As a relatively new company, we are grateful for great employees we can rely on. One of them is Vincent, who works as AccelByte’s backend software development engineer. He has been doing great job since his joining. While this guy did load testing on the IAM service which AccelByte team built alongside with some other cool projects, his skills are exposed the most in doing First Strike Games (FSG) telemetry.
Vincent had been helping FSG building their telemetry which needs to withstand at least 100k requests per second (RPS). He told the team how rewarding it was to work with FSG on the project, “I learned a lot of things from this project — from the checkpoint mechanism to how-to overcome S3 PUT limit request.”
Vincent told us about his valuable experience on the checkpoint mechanism in distributed system; it was when the team decided to use AWS Kinesis stream to bridge data from the ingestor to the processor with the SDK that it provides, Kinesis Client Library (KCL). While the team had already gone advanced with Golang, it turned out that the language was actually not supported by the service at that time. In order to solve that, Vincent and the team came up with the idea to rewrite several functionalities of the SDK to Golang.
Yes, you read that right, he used that language developed by Google to build the telemetry system. He basically helped creating a system that automatically records and transmits data from remote sources to IT resources for monitoring and analysis purposes. The telemetry system is divided into two parts, the ingestor which sends data to the stream and the processor which consumes data from the stream to be sent somewhere else (might as well be other stream).
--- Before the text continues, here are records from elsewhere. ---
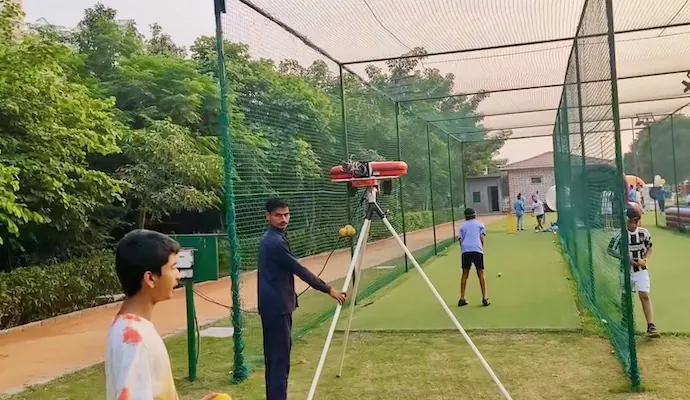 Cricket Bowling Machine rental setup for parties and corporate events in Lucknow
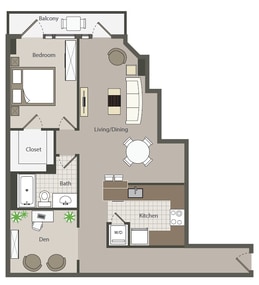 Floor Plan - 1DENNR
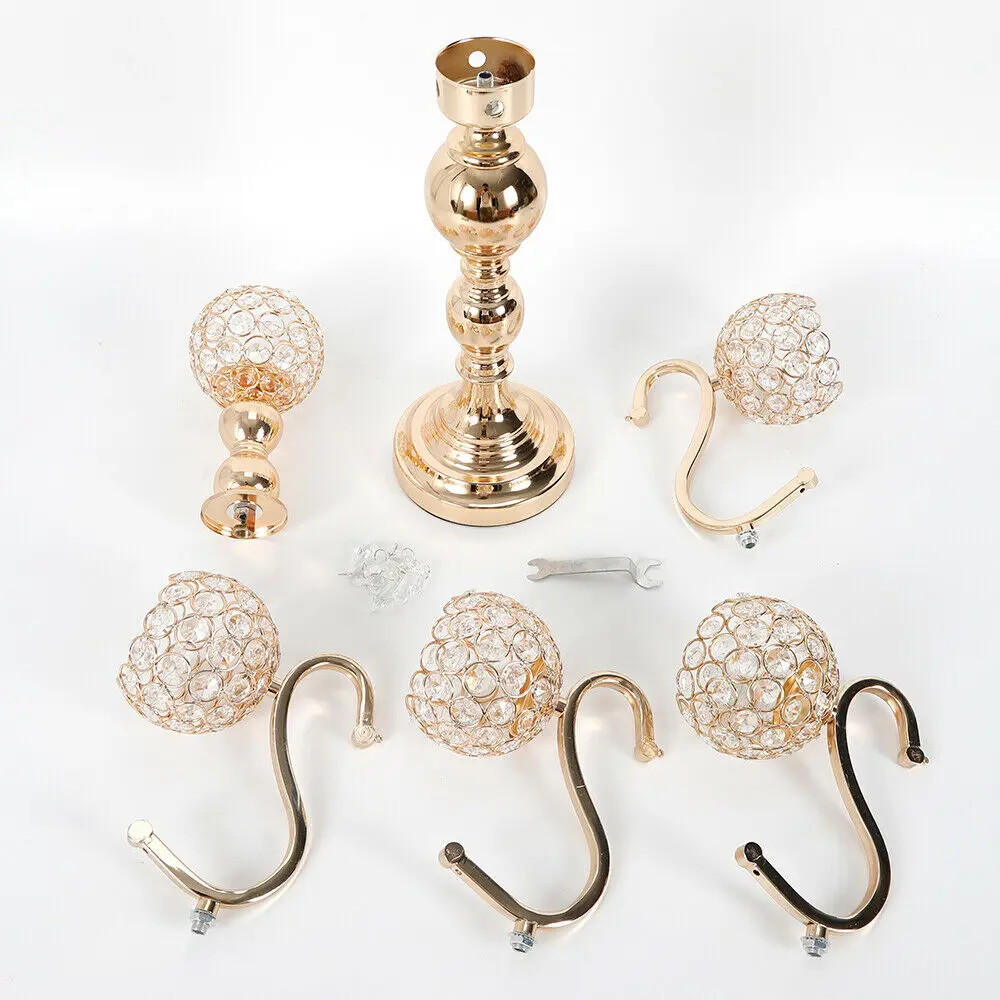 10 шт. Хрустальный подсвечник чайный светильник высокий канделябр стол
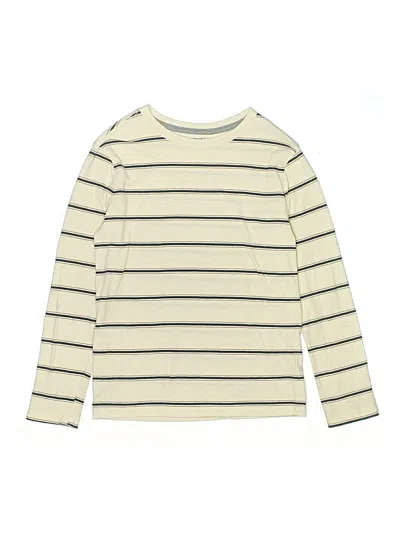 Pre-owned Old Navy Kids' Long Sleeve T-shirt In Ivory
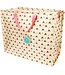 Big storage bag recycled plastic 55cm French Rose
“I wrote those two parts using Golang. I’d never imagined Golang would help me a lot in the telemetry project. Its clear and concise syntax helped me debug more easily compared to other languages like Java, for instance, where magic happens around every corner,” Vincent added.
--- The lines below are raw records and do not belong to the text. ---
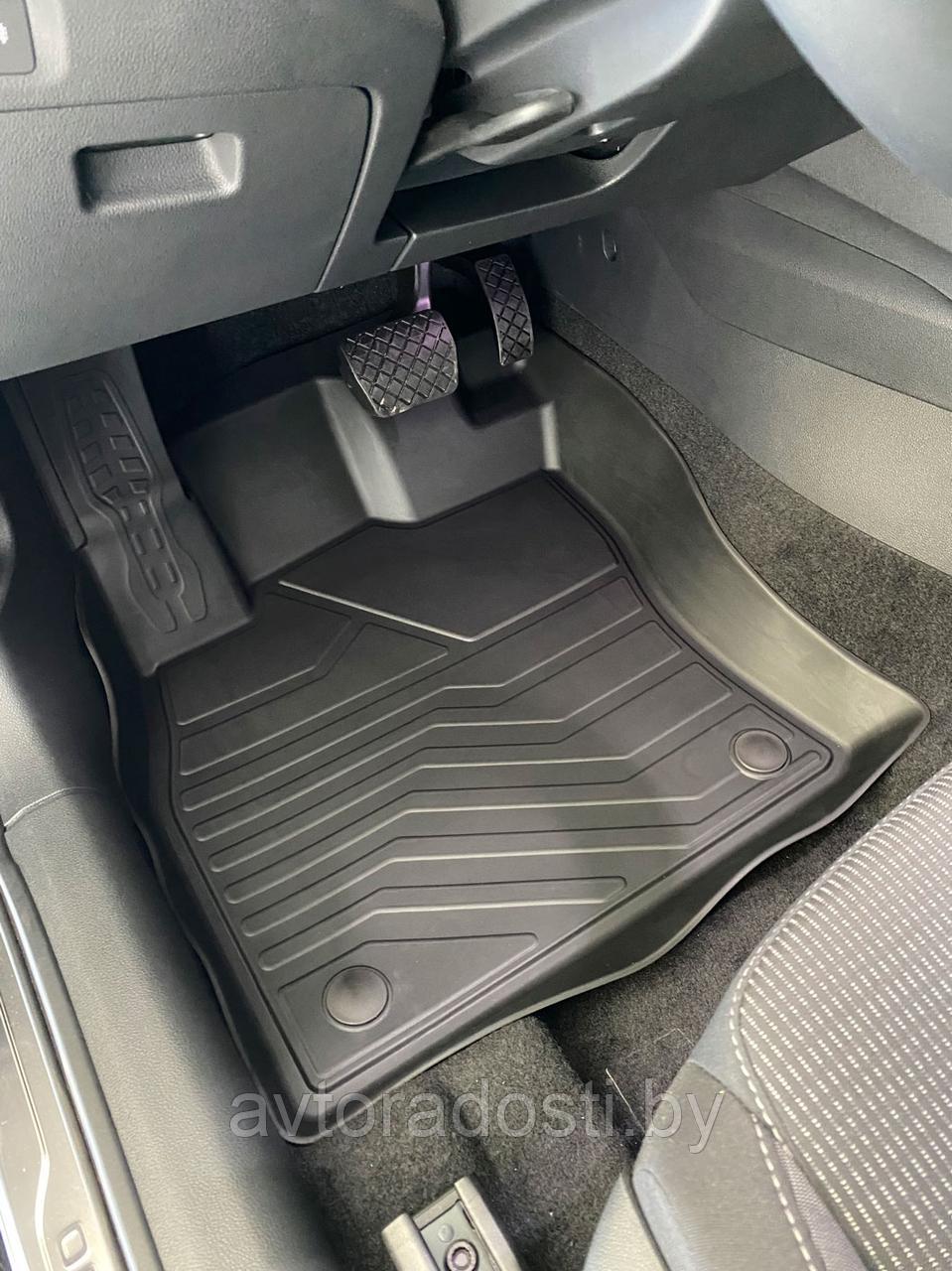 Коврики резиновые для Volkswagen Jetta VII (2018-) / Фольксваген Джетта (SRTK) - фото 2 - id-p220569385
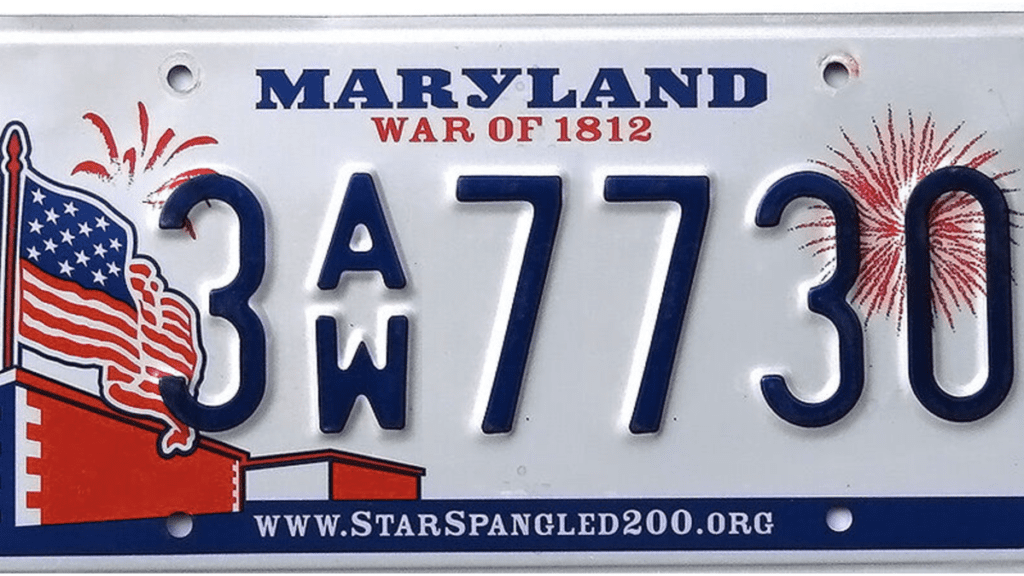 Maryland License Plate URL Now Directs To An International Gambling Website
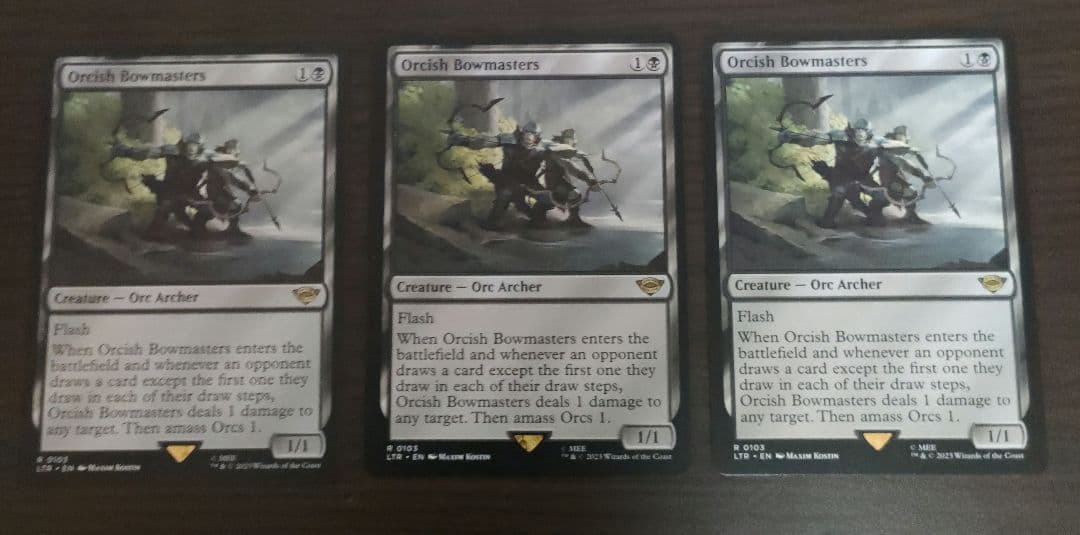 オークの弓使い　英語版　3枚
The concurrency of the language helped him to achieve performance target on the processor side where the consuming speed needs to be high enough that it is not left behind by the ingestor writing speed. Other than its concurrency, Go’s documentation was also mentioned by Vincent to be helpful for being ‘clear’ that you can learn it easily. The mentioned transcendences of Golang became Vincent’s reason to use the language to do the telemetry system.
Vincent did write the ingestor and the processor, however, he also totally designed the processor architecture — the other team member and our CTO are the ones who designed the architecture for ingestor. The processor architecture is different with KCL in implementation; while KCL is implemented to listen to all shards in the stream, which our CTO thought it won’t be easy for horizontal scaling, each instance of our processor listens to one shard so they can easily be scaled horizontally. In short, 130 processor instances for 130 shards.
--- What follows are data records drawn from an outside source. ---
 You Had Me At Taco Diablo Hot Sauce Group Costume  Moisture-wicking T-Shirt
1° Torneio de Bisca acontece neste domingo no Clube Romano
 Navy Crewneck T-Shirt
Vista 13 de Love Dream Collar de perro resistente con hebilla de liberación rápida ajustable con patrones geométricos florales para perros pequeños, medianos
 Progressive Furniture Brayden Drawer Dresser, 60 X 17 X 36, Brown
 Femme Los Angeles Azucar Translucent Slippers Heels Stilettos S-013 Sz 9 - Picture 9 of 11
Everybody faces obstacles in their job and so does Vincent. One problem he faced while doing his telemetry was the SlowDownException from AWS S3 PUT request, which is intended as protection against intentional and unintentional resource over consumption. With high request rate triggering the protection mechanism, SlowDown errors occurred. Vincent did further research on this matter which led him to the root of the problem: the hot spots. These hot spots need to be avoided in order to scale the S3 to 100k RPS. Vincent found out that introducing randomness in key prefixes is the solution. Yet, the errors didn’t just disappear. This guy came up with an idea to use one PUT request for many events instead of doing ‘a PUT request for an event’ way. In effect, the number of PUT requests made to the S3 was reduced.
“It works! The SlowDown errors finally left me alone and I proved how our telemetry handle up to 100k RPS through the load test!”
Update from Vincent:
The randomness could be achieved by using UUID and date combination, e.g. [random four characters of UUID]/[ddMMYYYY]/[UUID].json.
The key randomness might be outdated since there is another built-in solution by Amazon that doesn’t require us to have key randomness to achieve high performance anymore. Reference: https://aws.amazon.com/about-aws/whats-new/2018/07/amazon-s3-announces-increased-request-rate-performance/.